This is a fully funded PhD opportunity sponsored by the Weir Group. The opportunity is in the field of large-scale additive manufacture using wire and arc technology and it will be focused on the development of materials and processes for high wear components in the mining sector.
This is a fully funded PhD study opportunity in large-scale additive manufacture. The project will be based in the Welding Engineering and Laser Processing Centre at Cranfield University and supported by Weir Group. The project will start in February 2022 and will be a duration of 3 years. All fees are paid and a bursary of £21k per annum will be provided.
This project addresses the urgent need for new materials which offer radically improved performance for the manufacture of critical components for slurry pumps. These pumps are used extensively in coal and mineral mining and processing and are subject to impact, wear, and corrosion. Current materials, typically white cast iron, are only able to provide some of the properties required in this extremely demanding environment, thus limiting the service life of parts, and increasing the risk of premature failure. In this project, novel solutions, based on combining and/or developing material formulations with impact, wear and corrosion resistance tailored to the specific service conditions and applied using WAAM (Wire and Arc Additive Manufacture) as the manufacturing approach will be investigated.

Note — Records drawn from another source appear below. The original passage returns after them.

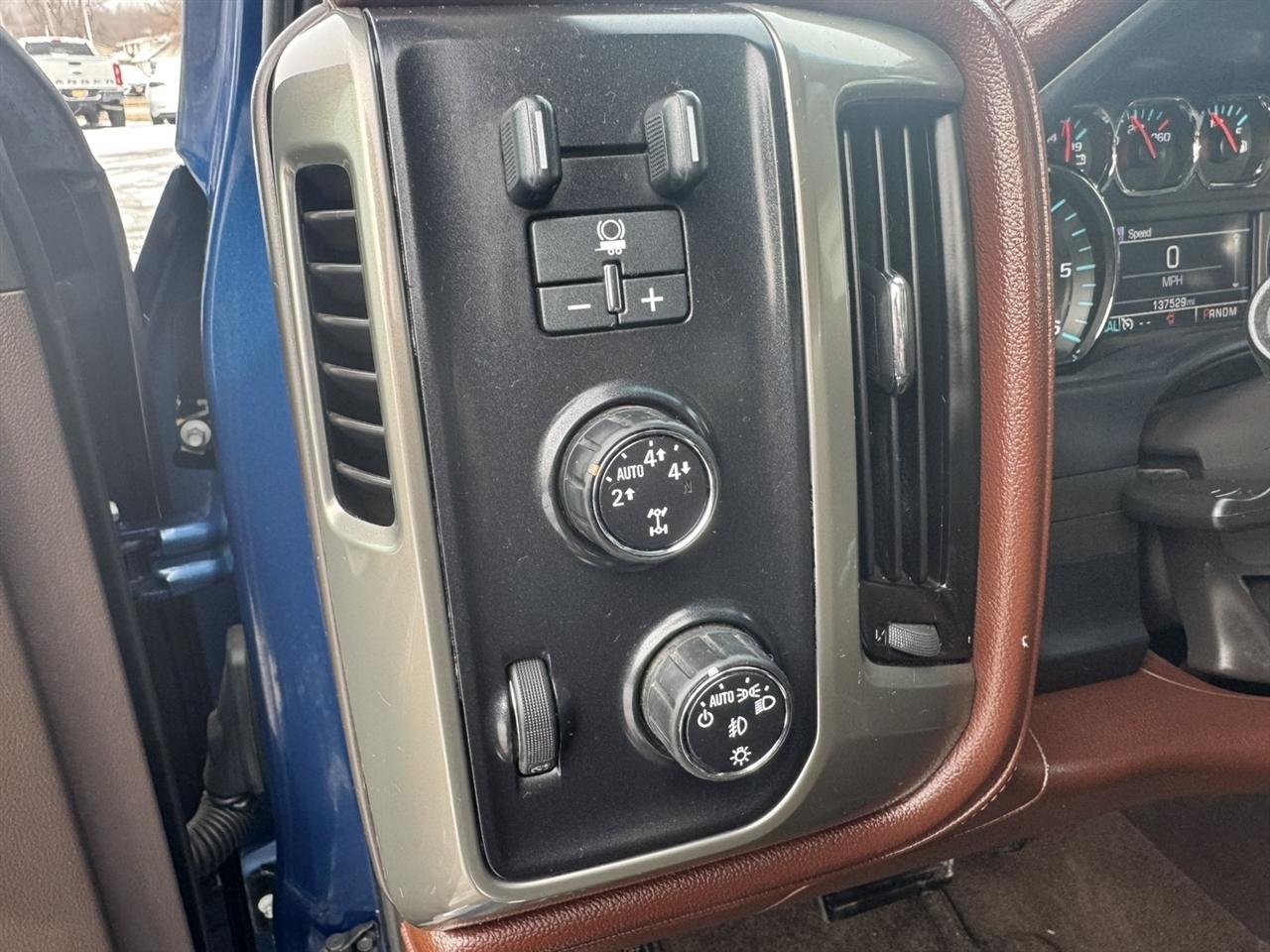 Chevrolet Silverado 1500 High Country Crew Cab 4WD 2015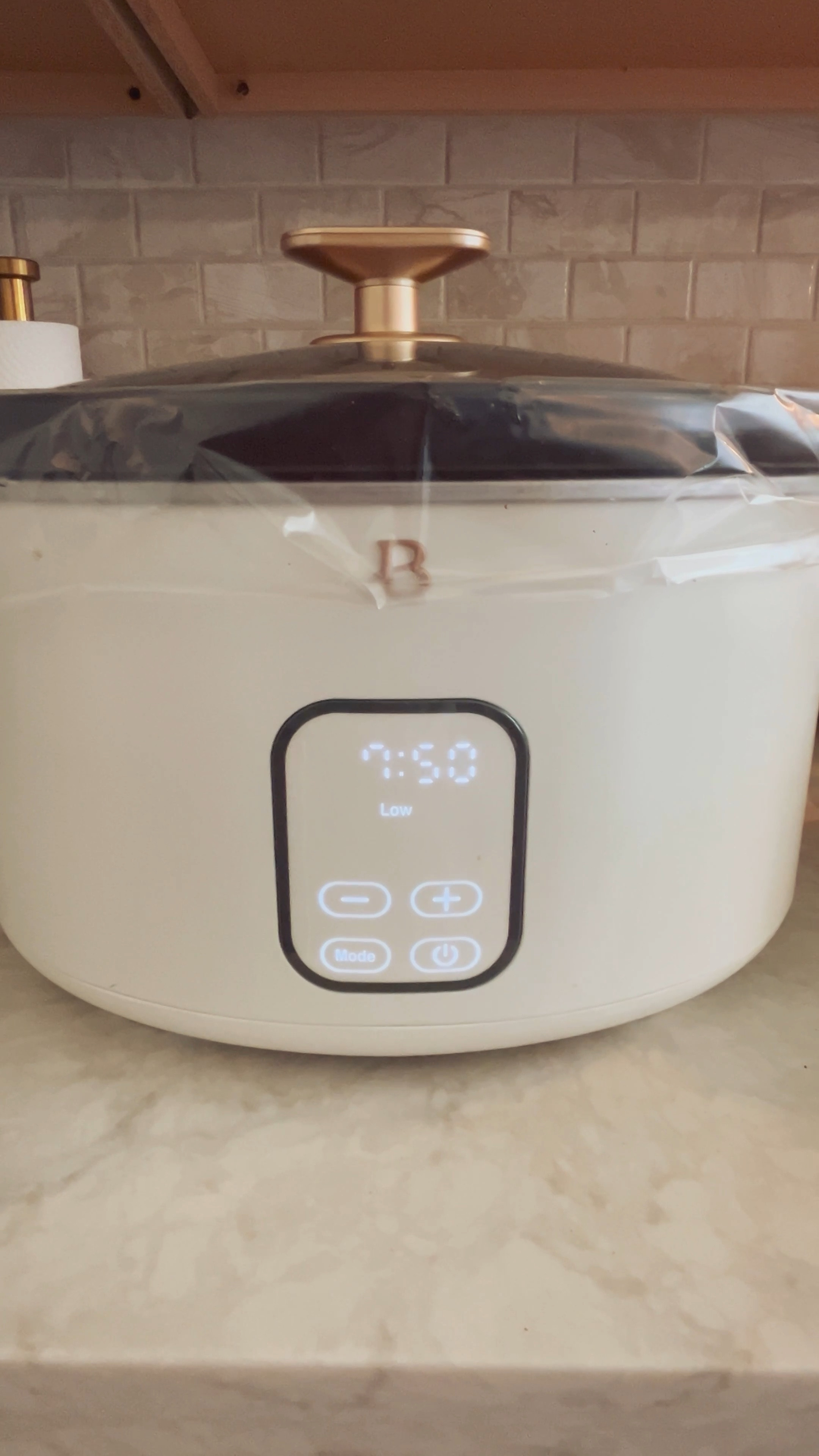 Thank you drew barrymore for making a pretty slow cooker 🙌🏻 The gold accents are everything. Shop at Walmart! 
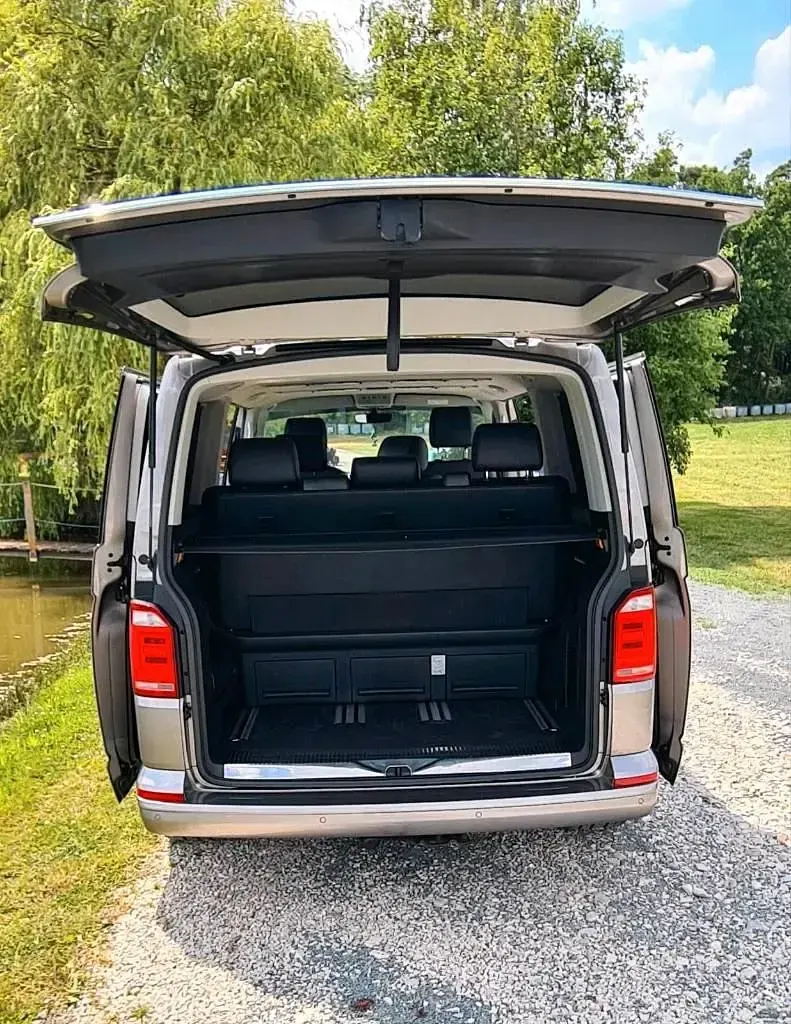 Gebraucht VW Multivan Generation Six 150 PS (110 kW) 2016 Beige Van / Kleinbus
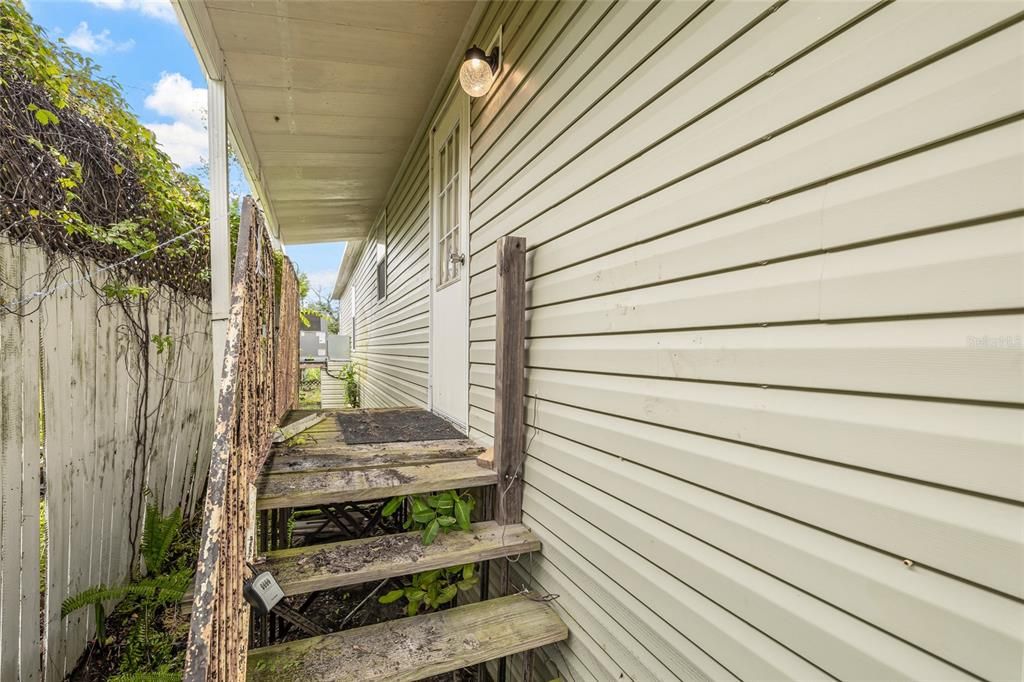 Image 45 of property listing at 5819 PORTSMOUTH DRIVE, Tampa, FL 33615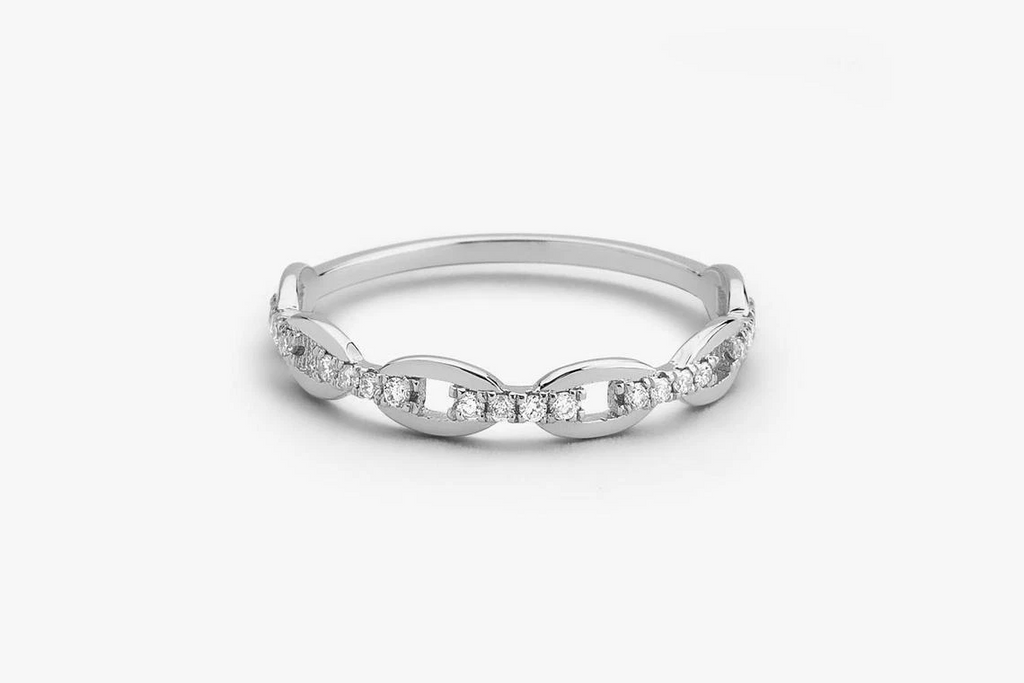 Allurea Diamantring aus Silber mit elegantem Design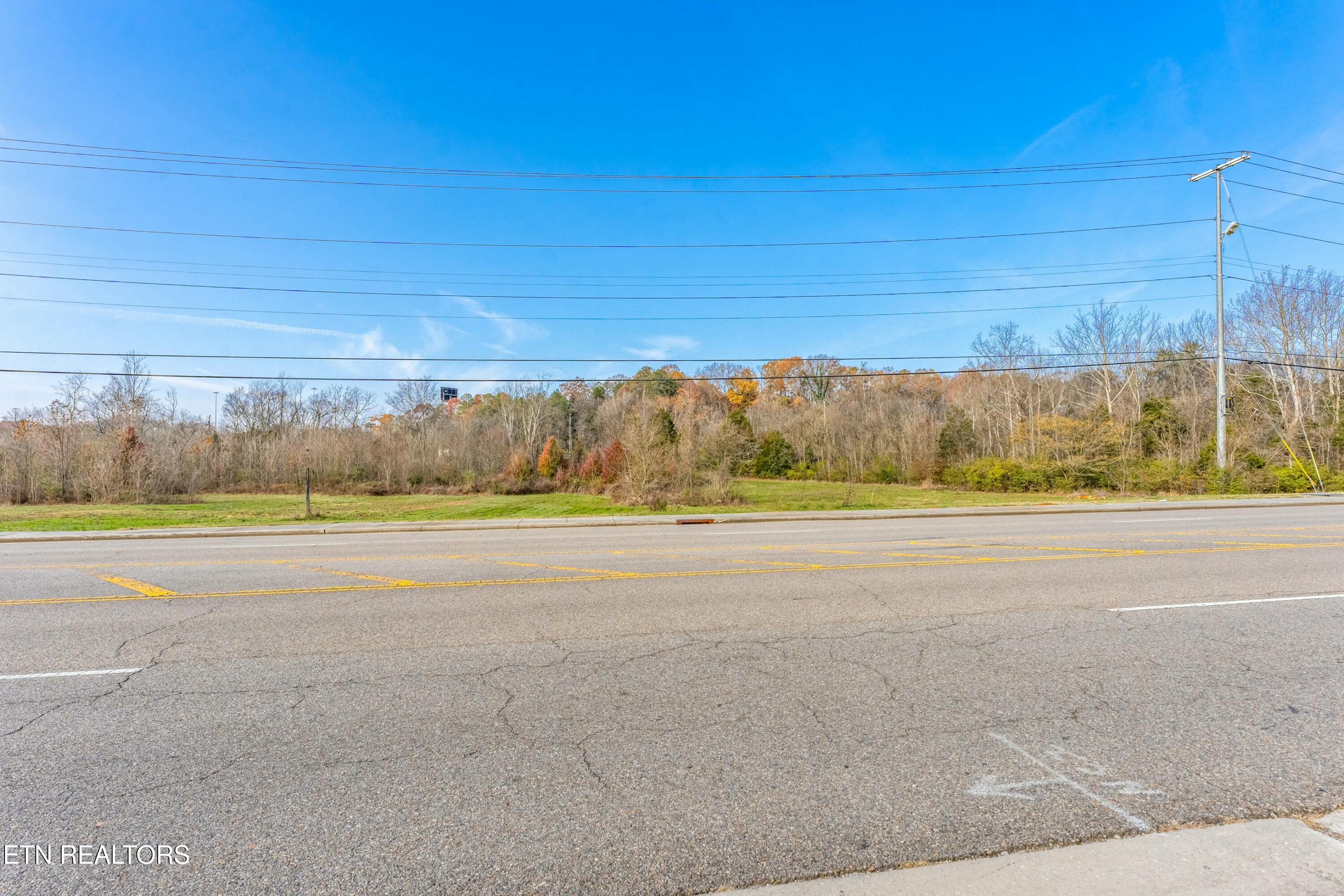 2557 Creekwood Park Boulevard Lenoir City TN 37772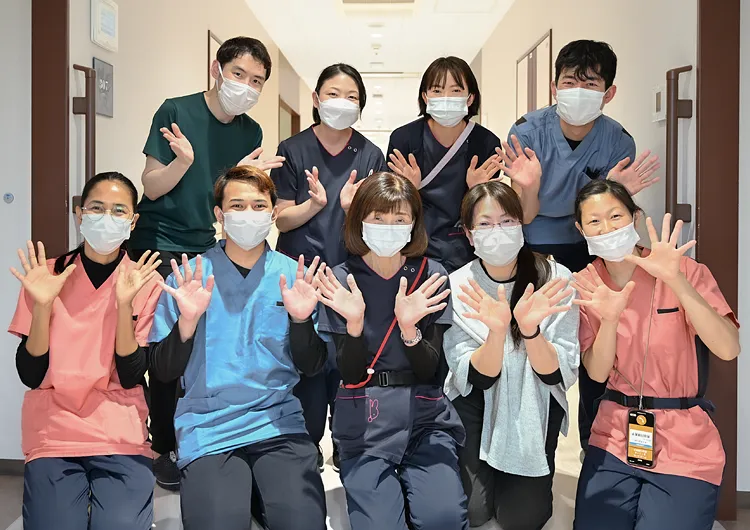 福利厚生が充実の、きれいで広々とした老健。子育て中の働き方の相談にも対応しています。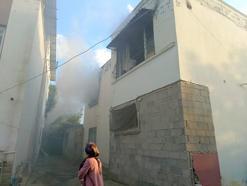 Hatay’da iki katlı ev yandı, dumandan etkilenen kadın hastaneye kaldırıldı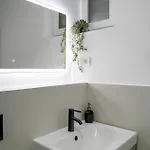 Gorgeous 2br Retreat - Old Town & Calea Victoriei * Bukurešť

The WAAM process offers many advantages as compared to traditional manufacturing routes such as machining, casting, and forging. Some of these include shorter lead times, design flexibility and lower capital barriers to entry. However, due to the layer-by-layer nature of the process and the large thermal fields of the heat source used, metallic alloys will be exposed to multiple remelting and reheating cycles. This can create a complex combination of phases and microstructural features than can lead to defects such as porosities and cracking, or to undesirable anisotropic mechanical properties. Hence, the main scope of this project will be to understand the metallurgy of the alloys being deposited by WAAM and to develop hard wearing material formulations suitable for the WAAM process. Key process fundamentals will be identified/optimised so that a deposit with the desired mechanical and wear performance can be produced.
This position will be based at Cranfield University UK, within the Welding Engineering and Laser Processing Centre. The Centre is recognised for the impact of its research into advanced fusion methods on industry, through sponsored master’s and PhD research, and its rolling technology development programme on large-scale additive manufacturing. The WAAM programme aims to make the UK the leading technology provider in terms of transforming practice and creating a commercial option. This role will be sponsored by the Weir Group with opportunities for national and international travel. Weir locations in the UK are in Glasgow and Todmorden.
Weir Group's Purpose is to enable the sustainable and efficient delivery of the natural resources essential to create a better future for the world. One of Weir Group’s strategic priorities is to drive the development of new technologies and capabilities that will lead the market and help mining transform. Founded in Glasgow by brothers James and George Weir in 1871, over 150 years Weir has evolved into a focused, high quality mining technology business, providing mission-critical solutions for smarter, more efficient, and sustainable mining to a global customer base. Weir’s purpose is to “enable the sustainable and efficient delivery of the natural resources essential to create a better future for the world”. Weir’s innovative engineering provides solutions to critical challenges within the mining supply chain. It is the only provider of market-leading solutions from pit to processing. Its differentiated technology is used in highly abrasive from extraction to concentration and tailings management. Robust demand is expected for minerals essential for electricity transmission and storage, for electric vehicles, and for renewable energy plants. Metals such as copper, steel, lithium, and nickel are all vital to this transition to a clean energy economy. Meanwhile demand for raw materials such as iron ore, to support economic growth and infrastructure investment, is also expected to grow. As the mining industry seeks to meet this demand, the way these essential resources are produced needs to change, requiring a technology transformation in the industry to help it reduce its own emissions and operate more sustainably.
Applicants should have a first or second class UK honours degree or equivalent in a related discipline as well as a masters degree. This project would suit a candidate with a strong background on materials science and materials characterization techniques. Previous experience with additive manufacturing processes is also desirable. The candidate should be proactive and have a hands-on attitude towards the experimental work.